Un premier constat: ce livre existe aussi parce que nos plaques oublient totalement de signaler de qui il s'agit, lacune que l'ouvrage cherche à combler en identifiant toute une série de noms et en dressant un rapide portrait, en leur donnant une histoire, bref une chair. L'avenue Molière, cela dit quelque chose, mais le clos André Rappe ou pire, la rue Dupont ?
Deuxième constat: le titre de l'ouvrage (mais est-ce voulu ?) parlent des hommes : la moitié de Bruxellois, c'est-à-dire les femmes, ne semblent guère mériter d'être "sur une plaque". Outre un indiscutable machisme, cela est dû au type de choix qui préside généralement à l'octroi de cette distinction honorifique: politiques, avocats, scientifiques, militaires, ecclésiastiques, artistes, propriétaires (un des plus sûrs moyens de laisser son nom à jamais sur une plaque bleue est de posséder du terrain! On ne compte plus les propriétaires qui ont laissé leur nom pour l'éternité (?) parce qu'ils possédaient un lopin de terre et que l'on pouvait bâtir dessus, nous dit Georges Lebouc. Nous ne citerons en exemple que Brugmann, George Henri ou Orban et même le déjà cité Dupont...). Pour être une femme distinguée, il vaut mieux avoir été préalablement fusillée par les Allemands comme Gabrielle Petit ou Edith Cavell; ou alors, elles doivent être déjà canonisées, comme Alix (oui, une femme), Anne, Catherine, Elisabeth, Marie, Thérèse mais là aussi elles sont écrasées par le nombre de mâles sanctifiés et puis, tout cela n'est pas très bruxellois(e). Heureusement pour l'honneur de nos compagnes, il y a la commune de Jette qui plaquifie, dans un nouveau quartier, le nom de grandes actrices de cinéma: Marilyn Monroe, Marlène Dietrich, Simone Signoret, Ingrid Bergman ou Audrey Hepburn, pas vraiment du coin non plus mais il serait quand même temps que les Bruxellois se manifestent.

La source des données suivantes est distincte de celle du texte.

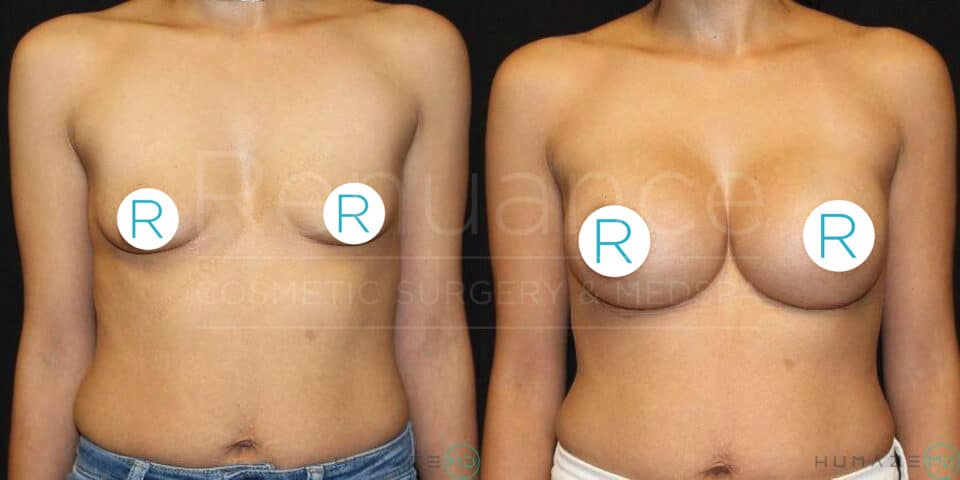 Two side-by-side images showing a before and after comparison of a person's chest. On the left is the "before" image displaying a person's chest with smaller breasts. On the right is the "after" image showing the same person's chest with noticeably larger breasts, indicating a breast augmentation procedure. The person is shown from the waist up, standing against a dark background. Each image has circular labels with the letter "R" covering the nipples.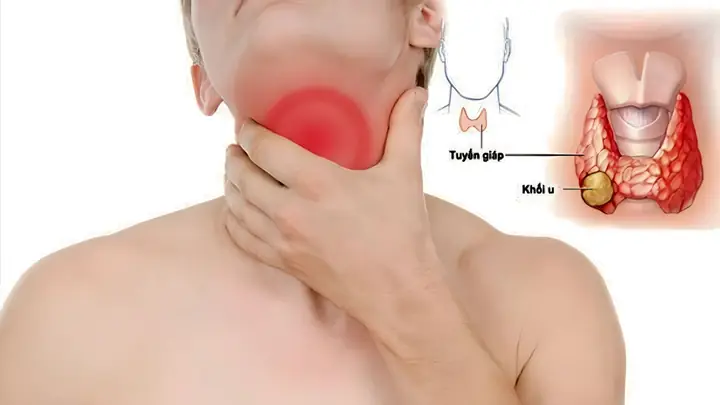 C73 Là Gì? Tìm Hiểu Mã ICD-10 Cho Ung Thư Tuyến Giáp Và Các Thông Tin Liên Quan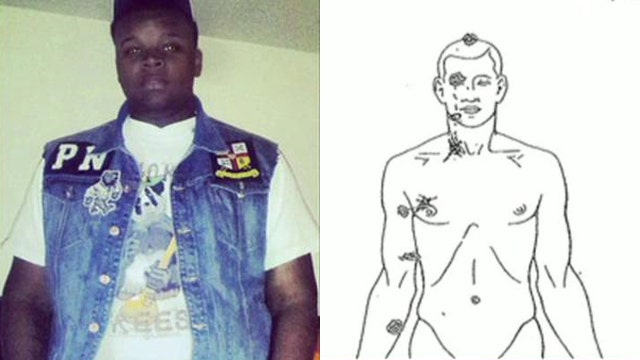 Battle of the autopsies in Michael Brown shooting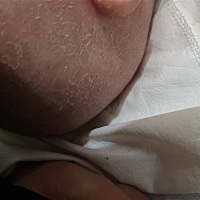 宝宝头是湿疹结痂，我用了橄榄油，停了几分钟。用清水洗成了这样，正常吗，好难过，宝宝头这样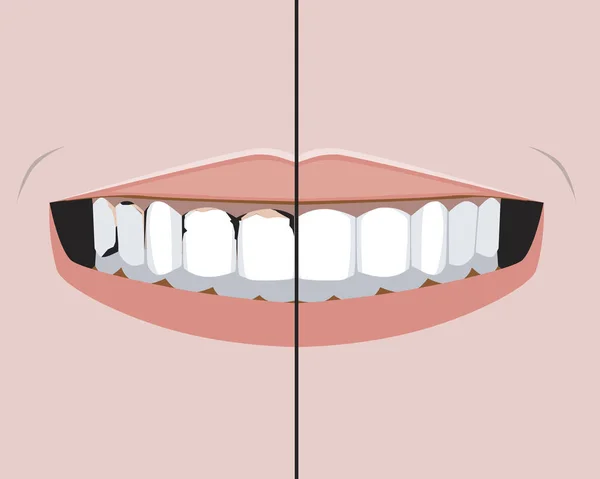 Зубы с кариесом и пульпитом и здоровой улыбкой как концепция лечения в стоматологической или ортодонтической клинике, векторная иллюстрация запасов зубов и резцов до и после лечения — стоковый вектор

Troisième constat: vaut-il mieux être déjà dans la tombe pour augmenter ses chances ? Pas nécessairement mais c'est préférable. L'anecdote rapportée par l'auteur sur la proposition de donner le nom de Van Meenen, toujours bien vivant, à une place de Saint-Gilles, mérite une lecture amusée, celle du compte-rendu du conseil communal du 10 décembre 1896 (pp. 12 et 13). Carton de Wiart s'était en effet inquiété: Cette proposition, faite si brusquement, m'a causé un moment d'inquiétude. Je me suis demandé si M. Van Meenen était mort. Serait-ce depuis lors que le fait soit devenu à ce point rarissime ?
Ce livre est d'une lecture parfois ardue quand il aligne des listes de noms mais pour qui est en quête de mieux connaître sa ville, la piste des plaques une fois identifiées présente pas mal d'intérêt. Et puis, il y a derrière ces dénominations, des pages d'histoire, le plus souvent locale, son principal mérite. Quelques bizarreries à signaler, comme lorsque l'auteur, dans ses annexes, cite, par exemple, Christian D'Hoogh comme bourgmestre "actuel" d'Anderlecht ou le très controversé Jacques Vanden Haute, maïeur de Woluwe-Saint-Pierre (voilà qui doit faire plaisir à Willem Draps et à Vanden Haute, mais pas pour le mêmes raisons.) Quoiqu'il en soit, un bon livre de référence pour tout curieux de la vie bruxelloise.
Tout ceci avec des textes écrits par les plus grands : Virgile, Roger Kervyn et un inédit de Jean d'Osta.